### Required work
Print the entire listing below word for word, excluding its pictures.

Start of Dataset extract

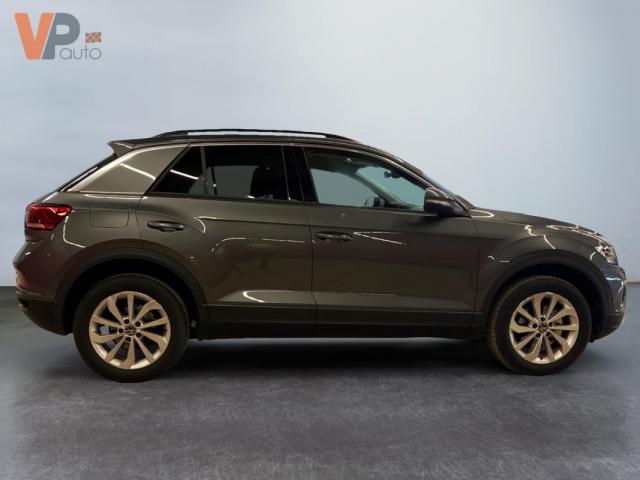 Volkswagen T-Roc image 7
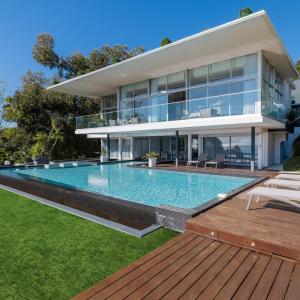 SUPER CANNES  VILLA CONTEMPORAINE VUE MER A VENDRE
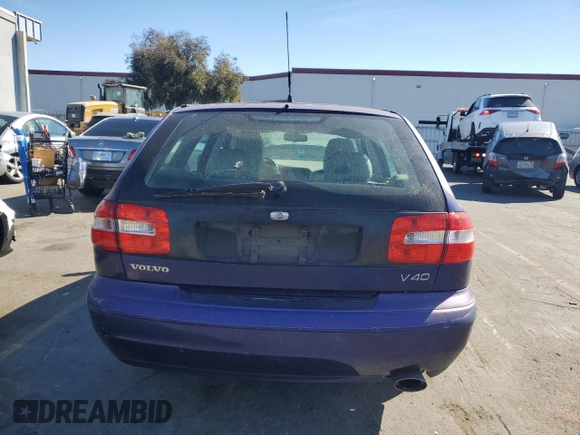 2004 Volvo V40 z VIN YV1VW27524F027635, wystawiony jako Copart lot #76744664 z przebiegiem 130 302 mil mil oraz Tytuł czysty. Historia ofert i sprzedaży dostępna na DreamBid. Obrazek 7.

End of Dataset extract

### Exercise output
 Volkswagen T-Roc image 7
 SUPER CANNES  VILLA CONTEMPORAINE VUE MER A VENDRE
 2004 Volvo V40 z VIN YV1VW27524F027635, wystawiony jako Copart lot #76744664 z przebiegiem 130 302 mil mil oraz Tytuł czysty. Historia ofert i sprzedaży dostępna na DreamBid. Obrazek 7.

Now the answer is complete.